“A Venezuela se arrumou”, repetem por aí os líderes chavistas.
Parte da classe média e os poucos visitantes que vão a Caracas aceitam essa frase, propagandeada pelo regime, como normal. Desde a aceitação do dólar como moeda “informal” do país, voltaram a abrir restaurantes, lojas de roupa e de carros de luxo, enquanto torres começaram a subir no leste da cidade. Há até mesmo os chamados “cassinos socialistas”, que funcionam também em dólares. O mais badalado funciona no recém-reformado e mítico hotel Humboldt, no alto do emblemático Ávila.

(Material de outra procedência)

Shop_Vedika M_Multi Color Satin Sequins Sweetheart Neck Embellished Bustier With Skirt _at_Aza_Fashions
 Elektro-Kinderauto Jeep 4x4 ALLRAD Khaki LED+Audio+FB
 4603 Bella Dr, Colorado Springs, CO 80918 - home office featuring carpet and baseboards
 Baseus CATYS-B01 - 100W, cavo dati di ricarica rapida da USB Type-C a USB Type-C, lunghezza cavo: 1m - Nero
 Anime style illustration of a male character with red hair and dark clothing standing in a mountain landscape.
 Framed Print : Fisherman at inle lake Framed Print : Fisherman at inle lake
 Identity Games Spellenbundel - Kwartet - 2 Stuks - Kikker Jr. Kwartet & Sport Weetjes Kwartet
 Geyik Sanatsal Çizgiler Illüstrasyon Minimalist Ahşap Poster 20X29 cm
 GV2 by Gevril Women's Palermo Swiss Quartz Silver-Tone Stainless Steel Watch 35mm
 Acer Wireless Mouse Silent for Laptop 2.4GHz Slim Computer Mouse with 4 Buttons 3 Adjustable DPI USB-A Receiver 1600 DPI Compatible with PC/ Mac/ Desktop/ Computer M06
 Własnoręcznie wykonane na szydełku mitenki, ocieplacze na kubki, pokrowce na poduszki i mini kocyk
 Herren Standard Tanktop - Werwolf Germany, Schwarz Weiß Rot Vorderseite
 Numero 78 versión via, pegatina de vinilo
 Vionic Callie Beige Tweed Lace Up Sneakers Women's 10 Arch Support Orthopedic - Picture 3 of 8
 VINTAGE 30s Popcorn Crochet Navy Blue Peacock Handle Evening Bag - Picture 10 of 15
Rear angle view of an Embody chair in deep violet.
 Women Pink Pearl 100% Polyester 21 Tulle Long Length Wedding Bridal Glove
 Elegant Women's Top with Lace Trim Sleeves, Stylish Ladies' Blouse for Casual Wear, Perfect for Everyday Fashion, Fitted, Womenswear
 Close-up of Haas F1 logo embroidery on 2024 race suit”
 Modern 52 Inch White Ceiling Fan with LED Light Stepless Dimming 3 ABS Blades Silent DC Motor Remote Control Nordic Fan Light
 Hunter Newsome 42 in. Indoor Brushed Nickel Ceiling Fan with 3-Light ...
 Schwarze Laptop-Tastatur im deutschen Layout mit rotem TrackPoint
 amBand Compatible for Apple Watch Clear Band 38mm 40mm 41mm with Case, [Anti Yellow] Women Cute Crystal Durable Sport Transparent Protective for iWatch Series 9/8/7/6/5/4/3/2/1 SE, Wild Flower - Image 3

O discurso de que a “a Venezuela se arrumou” (“Venezuela se arregló”, em espanhol), é obviamente mentiroso. Seria possível enumerar vários fatos que desmontam a frase.
Segundo a Provea (Programa Venezuelano de Educação e Ação em Direitos Humanos), no ano passado 1.414 pessoas foram vítimas de execuções extrajudiciais, a maioria delas pelo Faes (Forças de Ações Especiais, um grupo de elite da polícia) e pelo Conas (Comando Nacional Antiextorsão e Sequestro, vinculado à Guarda Nacional Bolivariana). Falta comida e remédios para a maioria da população, já saíram do país quase 7 milhões de venezuelanos, segundo dados da ACNUR (Alto Comisionado das Nações Unidas para os refugiados), enquanto a natureza e o homem padecem a dilapidação do chamado “Arco Mineiro”, explorado sem lei nem regulamentação que garanta a saúde dos que apostam a vida aí.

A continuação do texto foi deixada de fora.